1

I'm having difficulty using regex to solve this expression,

e.g when given below: 
regex_exp(address, "OG 56432") 


It should return

"OG 56432: Middle Street Pollocksville | 686"


address is an array of strings:

address = [
  "622 Gordon Lane St. Louisville OH 52071",
  "432 Main Long Road St. Louisville OH 43071",
  "686 Middle Street Pollocksville OG 56432"
]


My solution currently looks like this (Python):

import re
def regex_exp(address, zipcode):
    for i in address:
        if zipcode in i:
            postal_code = (re.search("[A-Z]{2}\s[0-9]{5}", x)).group(0)
            # returns "OG 56432"

            digits = (re.search("\d+", x)).group(0)
            # returns "686"

            address = (re.search("\D+", x)).group(0)
            # returns "Middle Street Pollocksville OG"

            print(postal_code + ":" + address + "| " + digits)

regex_exp(address, "OG 56432")
# returns OG 56432: High Street Pollocksville OG | 686

As you can see from my second paragraph, this is not the correct answer - I need the returned value to be

"OG 56432: Middle Street Pollocksville | 686"

How do I manipulate my address variable Regex search to exclude the 2 capital consecutive capital letters?

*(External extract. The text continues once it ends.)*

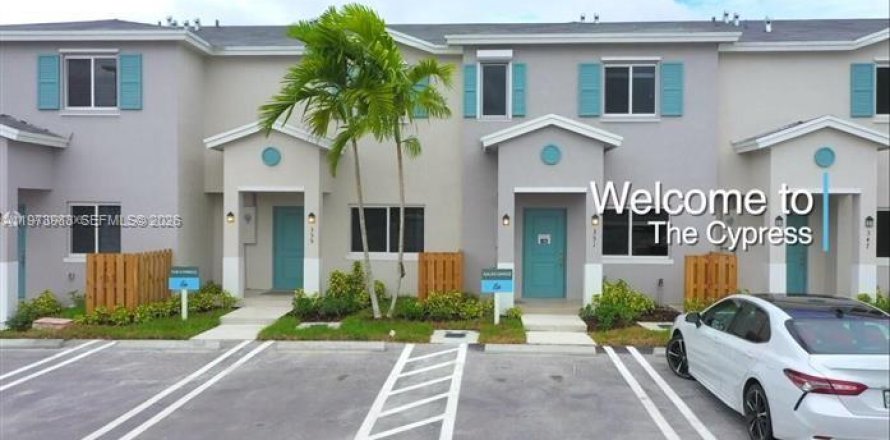 Touwnhouse à Florida City, Floride 4 chambres, 124.3 m2 № 2033681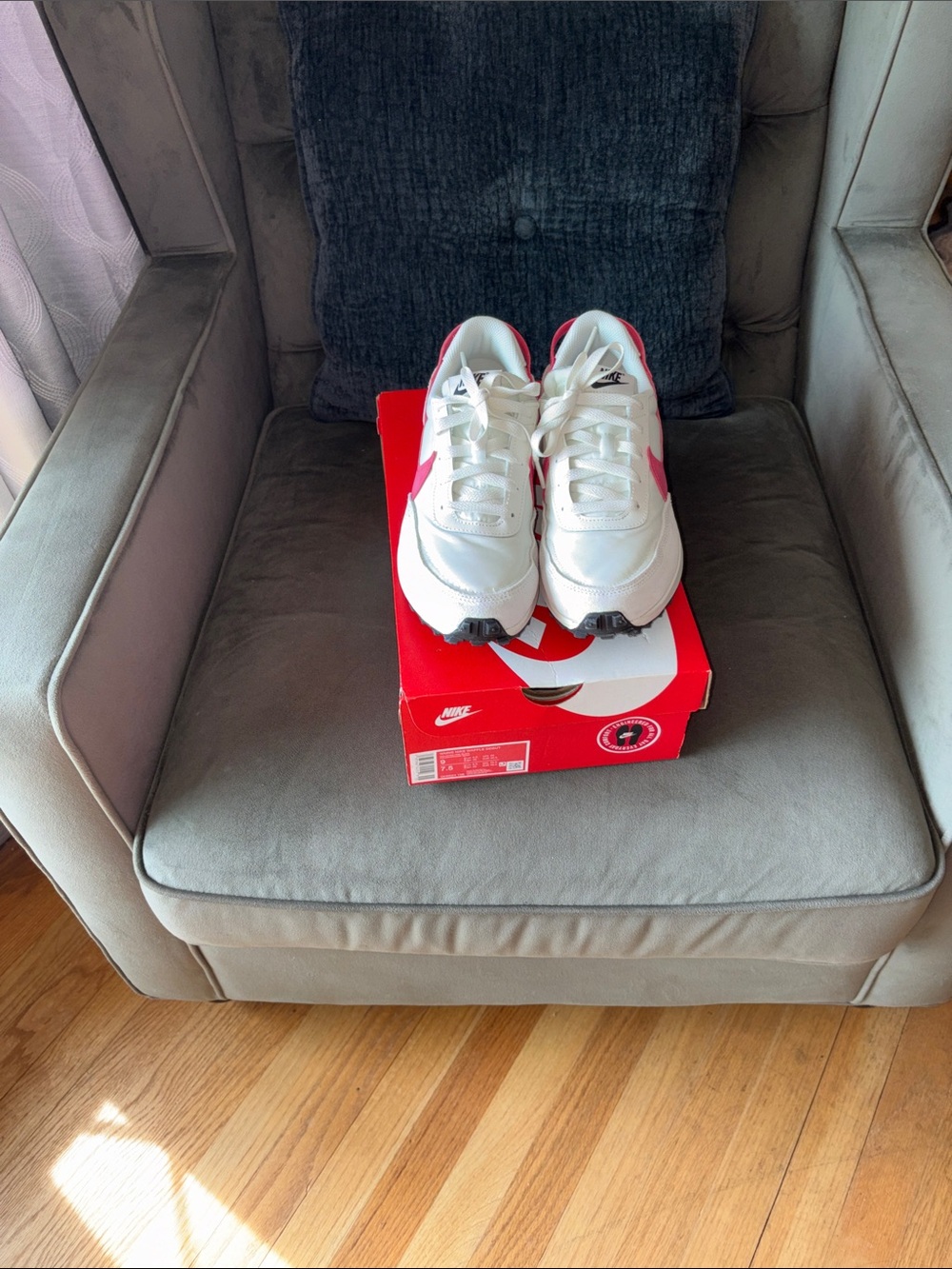 Nike White and Pink Low-Top Sneakers with Pinkish  Swoosh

I've tried things like

address = (re.search("?!\D+", x)).group(0)

to remove the two consecutive capitals based on A regular expression to exclude a word/string but I think this is a step in the wrong direction.

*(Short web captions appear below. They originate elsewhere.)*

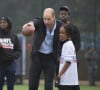 A rappeler que l'organisme oeuvre avec des jeunes âgés de 12 à 20 ans en leur donnant notamment accès au sport.
Le prince William, prince de Galles assiste à un événement de la NFL Foundation UK, un format de football américain inclusif et rapide à Kennington Park, Londres le 15 octobre 2024. © Kin Cheung/WPA-Pool via Julien Burton / Bestimage 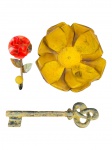 DIVERSOS, três (3) peças decorativas, sendo: A) um toalheiro em ferro, formato de flor vermelha com haste e folhas, sinais de oxidação, medindo 16cm, B) um castiçal em ferro em formato de flor amarela, sinais de oxidação, medindo 6x20cm e C) uma peça em formato de chave antiga em ferro com pintura preta, medindo 24cm de comprimento.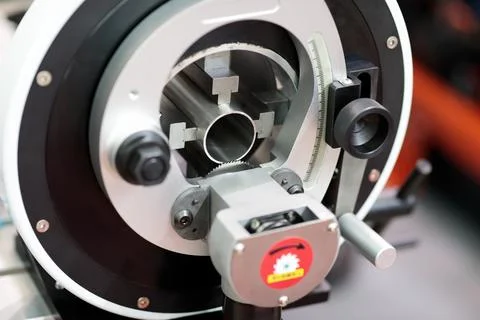 Orbital pipe cold cutting machine close up Stock-Fotos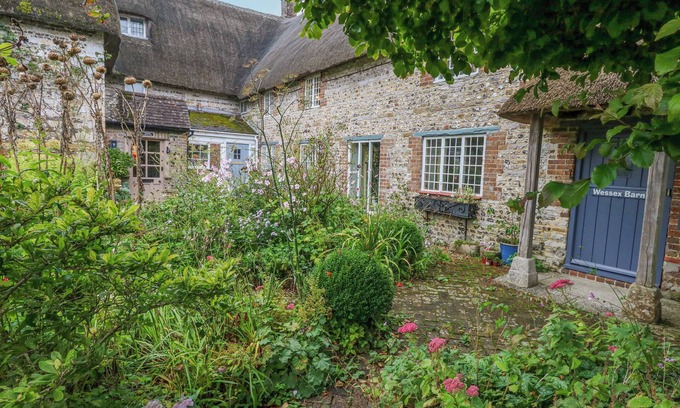 Frampton Cottage | THE ELBOW, family friendly, character holiday cottage in Frampton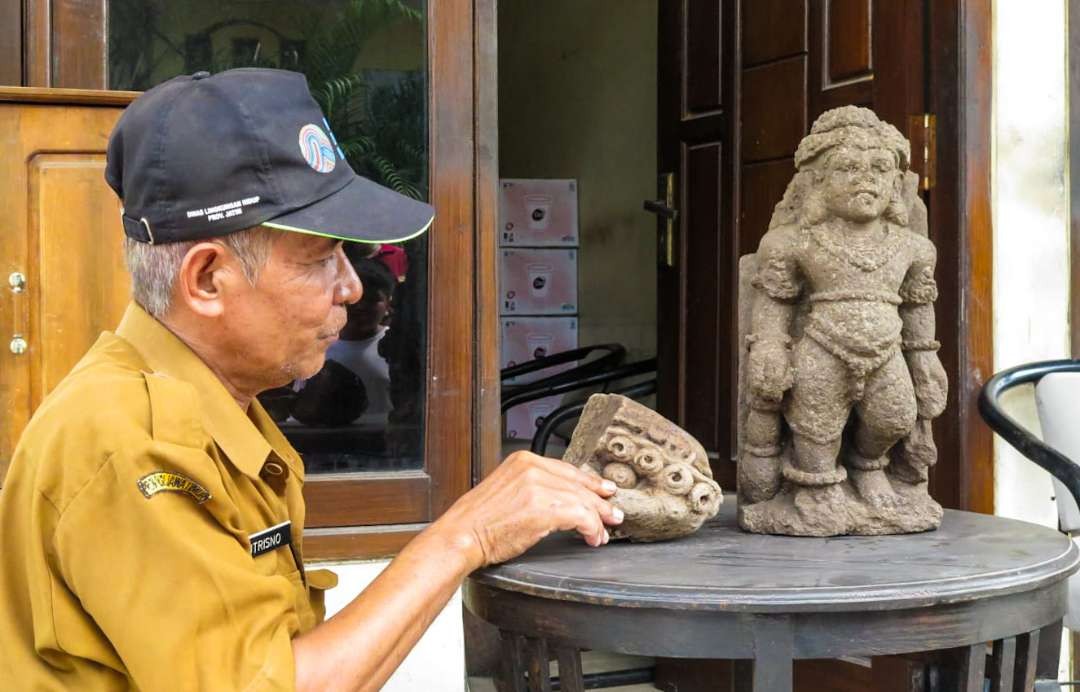 Kepala Desa Tulangan, Sutrisno saat menunjukkan arca Mahakala. (Foto : Aini Arifin/Ngopibareng.id)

PS: I understand there are easier methods to solve this, but I want to use regex to improve my fundamentals

sgeza
  • 341
  • 1
  • 5
  • 16
  • If they're consistently formatted - can't you use something like: `'{2}: {1} | {0}'.format(*re.match('(\d+) (.*?) ([A-Z]{2} \d{5})', "686 Middle Street Pollocksville OG 56432").groups())` ? – Jon Clements Aug 18 '18 at 09:00
  • yeah i think i could! how does the (.*?) separator work? – sgeza Aug 18 '18 at 09:04
  • Takes anything until the next pattern matches... – Jon Clements Aug 18 '18 at 09:05
  • hey Jon! I coudln't find anything regarding the differences of re.match and *re.match. I only found documentation regarding the use of * as a greedy quantifier in the regex itself, but nothing in the re.match bit – sgeza Aug 19 '18 at 06:21
  • https://docs.python.org/3/tutorial/controlflow.html#unpacking-argument-lists and https://stackoverflow.com/questions/36901/what-does-double-star-asterisk-and-star-asterisk-do-for-parameters etc... – Jon Clements Aug 19 '18 at 06:23
  • thanks! so basically because we're using .groups() here we want it to return a tuple? – sgeza Aug 19 '18 at 06:35
  • Not quite... `.groups()` returns a tuple... we then unpack that so that `.format(...)` can be used as needed... – Jon Clements Aug 19 '18 at 06:36

2 Answers2

0

If you just want to remove the two consecutive Capital Letters which are predecessor of zip-code(a 5 digit number) then use this

import re
text = "432 Main Long PC Market Road St. Louisville OG 43071"
address = re.sub(r'([A-Z]{2}[\s]{1})(?=[\d]{5})','',text)
print(address) 
# Output: 432 Main Long PC Market Road St. Louisville 43071

For removing all occurrences of two consecutive Capital Letters:

import re 
text = "432 Main Long PC Market Road St. Louisville OG 43071" 
address = re.sub(r'([A-Z]{2}[\s]{1})(?=[\d]{5})','',text)
print(address) 
# Output: 432 Main Long Market Road St. Louisville 43071
Akay Nirala
  • 1,136
  • 7
  • 13
0

With re.sub() and group capturing you can use:

s="686 Middle Street Pollocksville OG 56432"
re.sub(r"(\d+)(.*)\s+([A-Z]+\s+\d+)",r"\3: \2 | \1",s)
Out: 'OG 56432:  Middle Street Pollocksville | 686'
kantal
  • 2,331
  • 2
  • 8
  • 15